What you should do:
Extract the lines of the material below, beginning with the first and ending with the line that holds "ماشین ظرفشویی ال جی DFC513FW". Skip every picture.

Extracted entries:
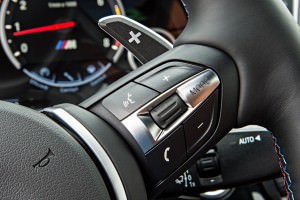 2015 BMW X6 M 103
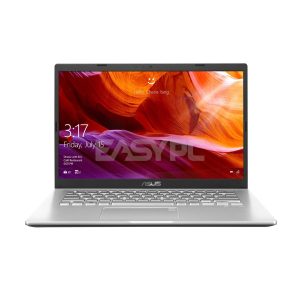 Asus X509MA-BR355T Intel N5030/4GB/1TB+128GB SSD/Win 10/Silver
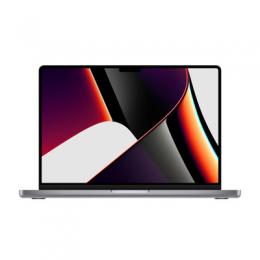 Apple MacBook Pro,Apple M1 Pro 10-Core,14-Core GPU,32 GB,2000 GB ,Englisch (USA),grau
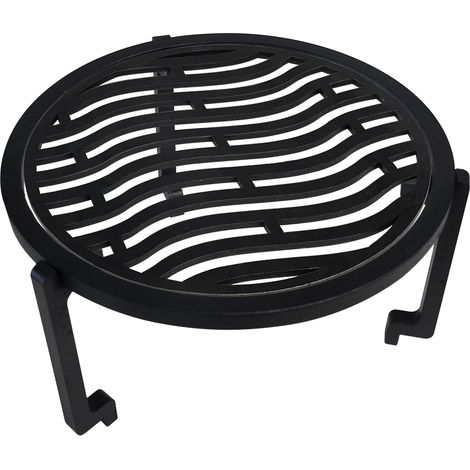 Grille de cuisson pour plancha brasero Kettle - Ø 20 cm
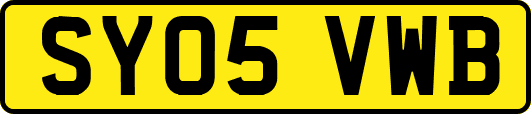SY05VWB
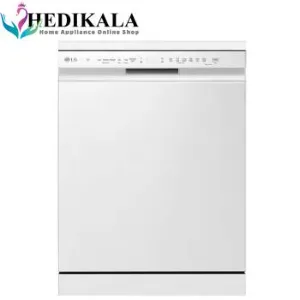 ماشین ظرفشویی ال جی DFC513FW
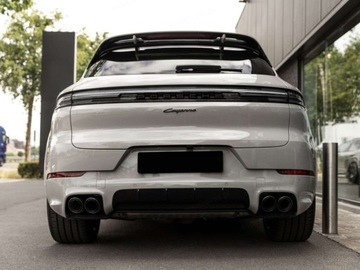 Porsche Cayenne III SUV Plug-In Facelifting 3.0 470KM 2025 PORSCHE Cayenne E-Hybrid Black Edition Suv 3.0 (470KM) 2025, zdjęcie 1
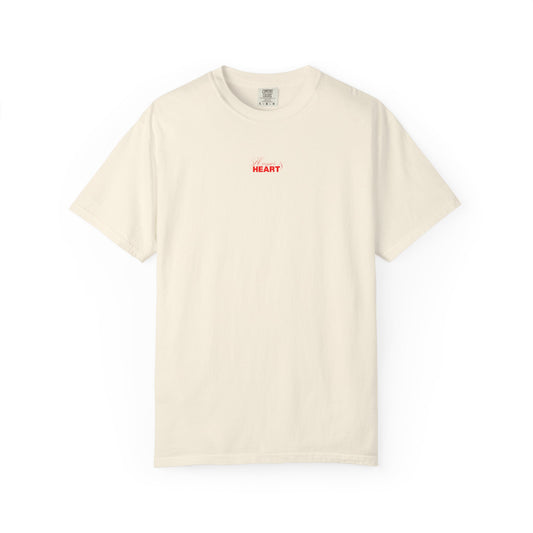 Humor & Heart Tee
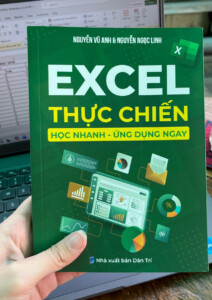 Sách Excel thực chiến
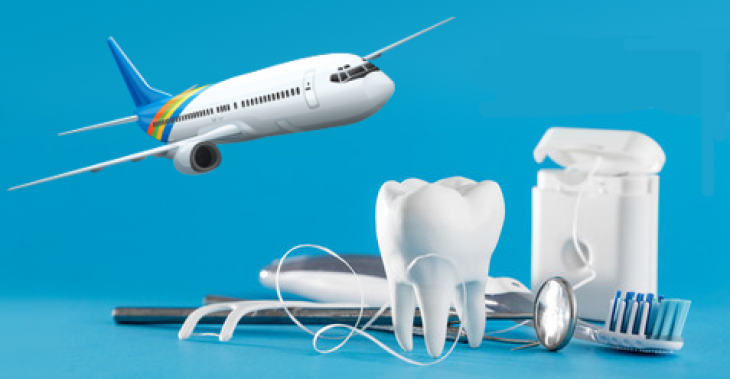 Global Dental Tourism Industry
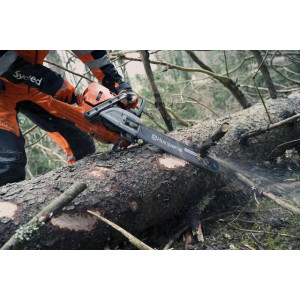 Pilarka spalinowa HUSQVARNA 572 XP®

Solved exercise:
 2015 BMW X6 M 103
 Asus X509MA-BR355T Intel N5030/4GB/1TB+128GB SSD/Win 10/Silver
 Apple MacBook Pro,Apple M1 Pro 10-Core,14-Core GPU,32 GB,2000 GB ,Englisch (USA),grau
 Grille de cuisson pour plancha brasero Kettle - Ø 20 cm
SY05VWB
 ماشین ظرفشویی ال جی DFC513FW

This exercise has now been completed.